Word for word, restate the lines of the data below between those holding "toscane, florence, palazzo" and "Штани M A SZN", inclusive; pictures do not belong in the copy.

◆ **Data under study**:

= = = = = = =

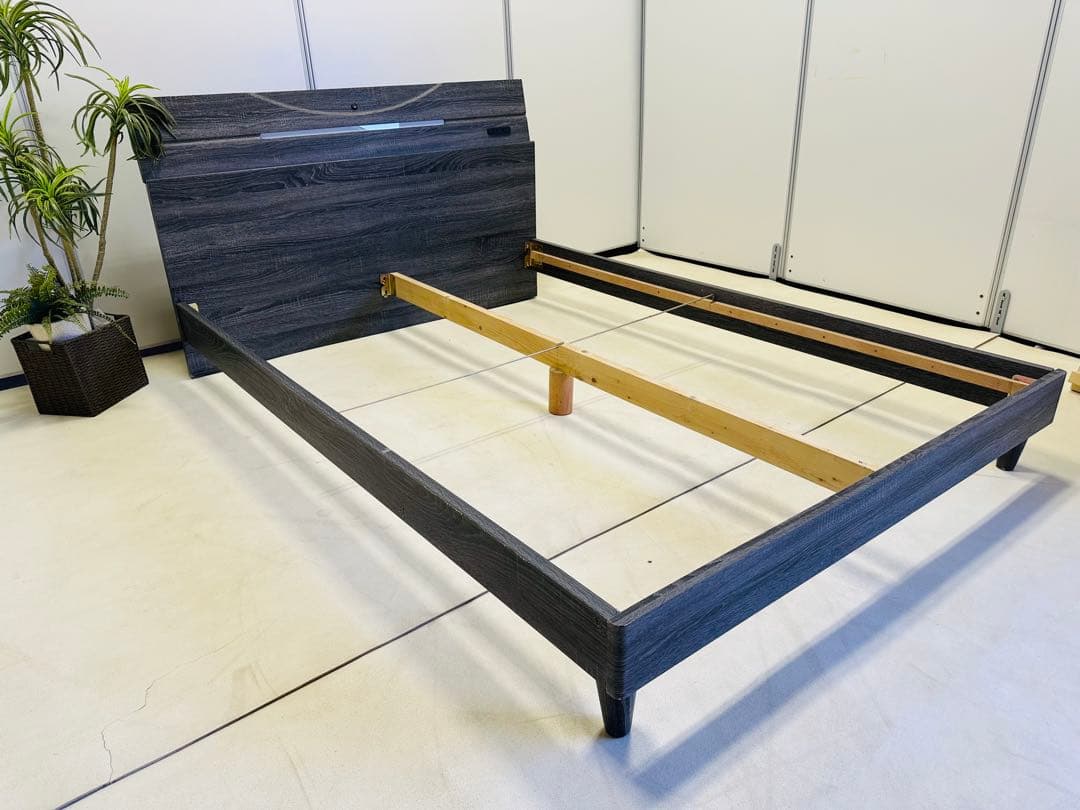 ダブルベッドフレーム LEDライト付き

= = = = = = =

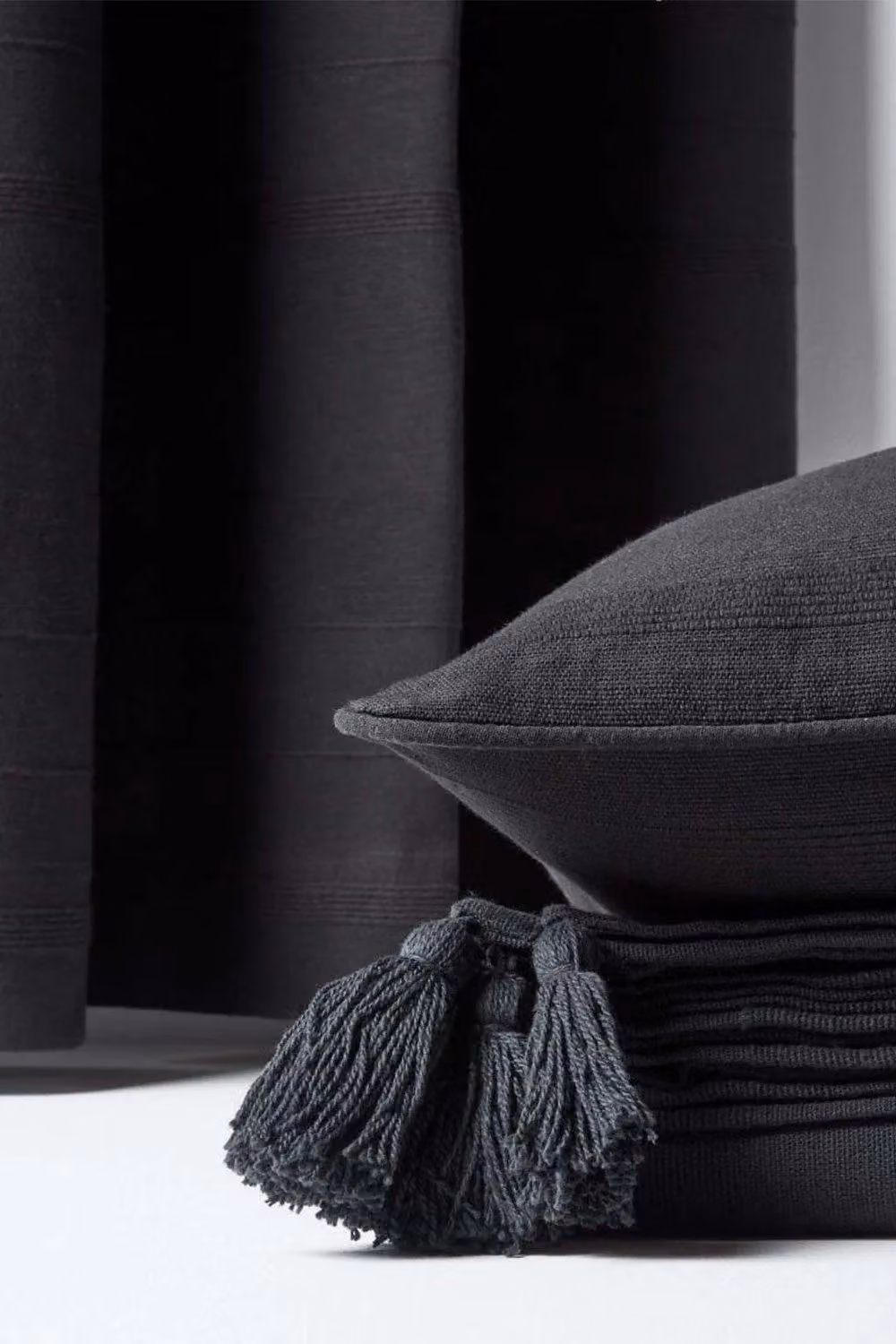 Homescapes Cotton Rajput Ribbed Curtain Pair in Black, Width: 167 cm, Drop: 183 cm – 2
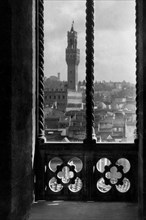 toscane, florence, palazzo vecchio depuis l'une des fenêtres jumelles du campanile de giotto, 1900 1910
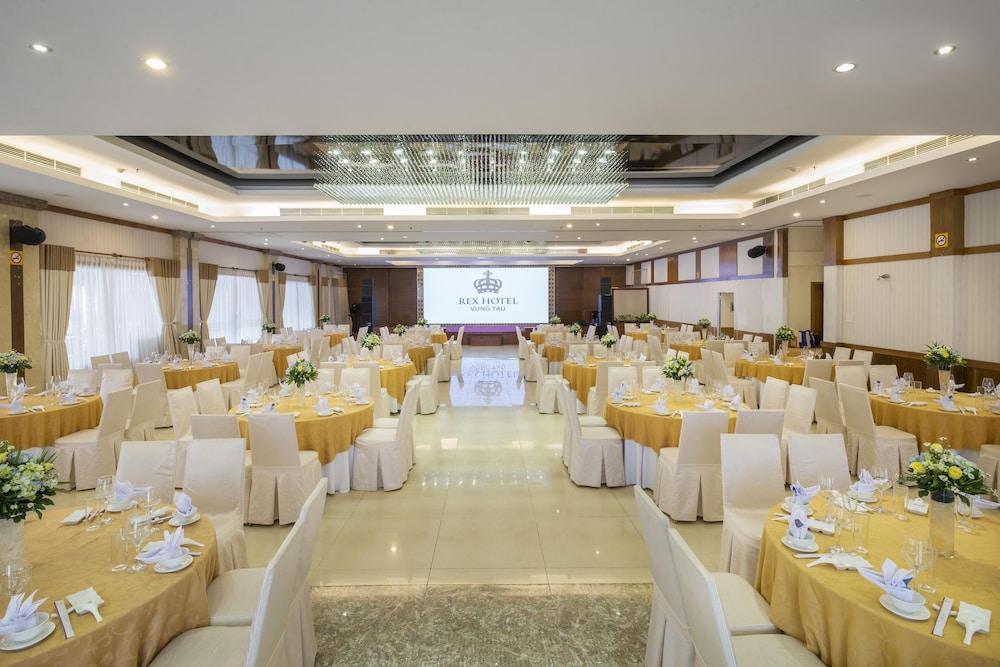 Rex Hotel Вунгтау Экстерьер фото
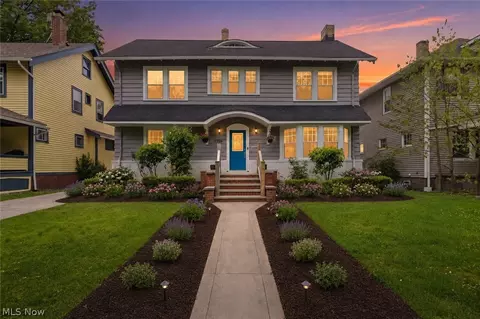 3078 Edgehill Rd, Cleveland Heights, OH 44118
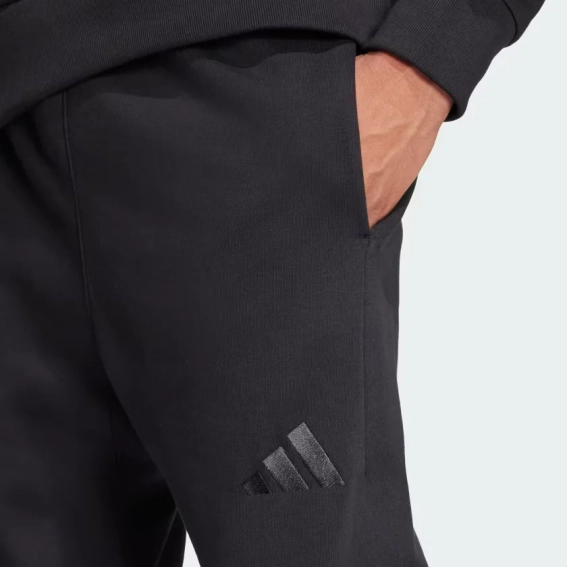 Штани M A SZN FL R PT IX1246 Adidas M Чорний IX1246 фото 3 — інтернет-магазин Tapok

= = = = = = =

◆ **Exercise solution**:
 toscane, florence, palazzo vecchio depuis l'une des fenêtres jumelles du campanile de giotto, 1900 1910
 Rex Hotel Вунгтау Экстерьер фото
 3078 Edgehill Rd, Cleveland Heights, OH 44118
 Штани M A SZN FL R PT IX1246 Adidas M Чорний IX1246 фото 3 — інтернет-магазин Tapok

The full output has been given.